Il goleador del Leicester non se ne andrà. Il coraggio di Vardy

Riccardo Maccioni venerdì 24 giugno 2016
D'accordo, la favola è un po’ di plastica. Mancano la principessa da salvare. E il drago cattivo. E il povero dall’animo impavido che sfida il prepotente malvagio. Però il principe c’è. Ha l’aria dinoccolata e il fisico sigaligno, corre a scatti, si veste maluccio e tra una partita e l’altra mastica tabacco e non disdegna la birra. Non proprio le doti che riempiono i sogni, neanche quelli a occhi aperti, però al popolo del Leicester va bene così. Perché per loro, per i tifosi delle foxes, della piccola squadra guidata da Claudio Ranieri, campione d’Inghilterra per la prima volta, e chissà se succederà ancora, Jamie Vardy è molto più di un calciatore. È il lieto fine di un giallo mozzafiato, è la provincia che sconfigge la metropoli, è il volto della parola 'gratitudine' è, da ieri, il campione che ha preferito il pub all’hotel di lusso, il cuore al portafogli, l’amore di un piccolo stadio alle sterline londinesi del grande Arsenal. La notizia, asciutta e stringata, ha fatto la sua comparsa in mattinata sul sito del Leicester. Jamie Vardy, classe 1987, 24 gol in 35 partite nella stagione appena trascorsa, ha rinnovato il contratto che lo lega ai vincitori della 'Premier' per altri quattro anni. Nessun riferimento allo stipendio, che pure sarà ricco, né ad altri dettagli dell’accordo. Semplicemente l’ex operaio, quello che segna da posizioni impossibili, il centravanti con il braccialetto elettronico perché in libertà vigilata, 'resta a casa'. Come tutti, tranne i tifosi dell’Arsenal, speravano, la favola (di cui su queste colonne ha scritto anche Mario Berruto nella sua rubrica), può continuare. E, anzi, i tifosi del Leicester ora puntano a raddoppiare e, perché no? a triplicare.

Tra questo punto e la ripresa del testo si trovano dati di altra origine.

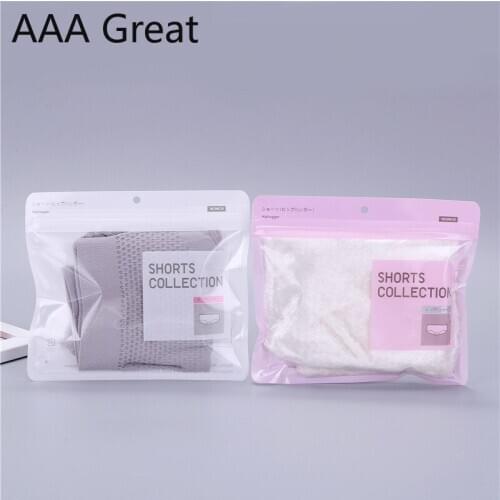 100Pcs/Lot Underwear Packaging Bags Men Women PET Ziplock Bag Plastic Bags Transparent Shorts Collection Pouches Front Clear New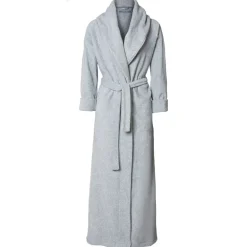 Karmameju Fleece Bathrobe in Light Grey – Sizes XS to L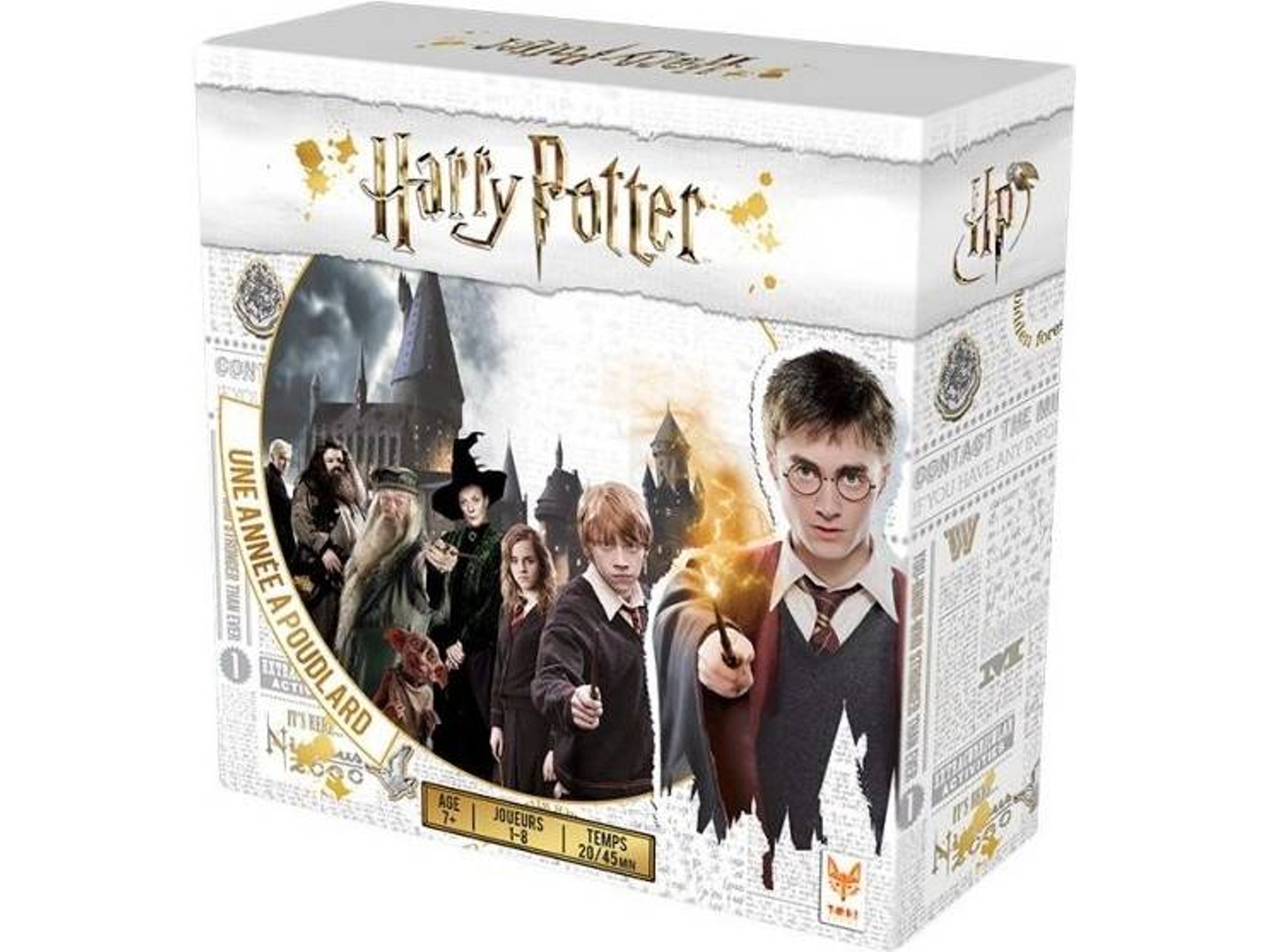 Juego de Mesa TOPIGAMES Harry Potter A Year At Hogwarts (Inglés - Edad Mínima: 7)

Sognano un contagio virtuoso, sperano che sulle orme di Vardy, continuino nel Leicester anche Mahrez e Kanté, gli altri due campioni dell’ultima cavalcata trionfale. Senza paura di un brusco risveglio o di vedere la festa trasformata in rimpianto, l’amicizia in ripicca, l’allegria in delusione. Perché la scelta di Vardy insegna che la riconoscenza esiste anche nel mondo dei ricchi, che c’è sempre bisogno di un po’ di magia, che un calciatore, che un principe del pallone, non lo riconosci tanto dai titoli in bacheca, ma dal coraggio. Che la vita, persino in provincia, può essere scritta con lo stesso inchiostro delle favole.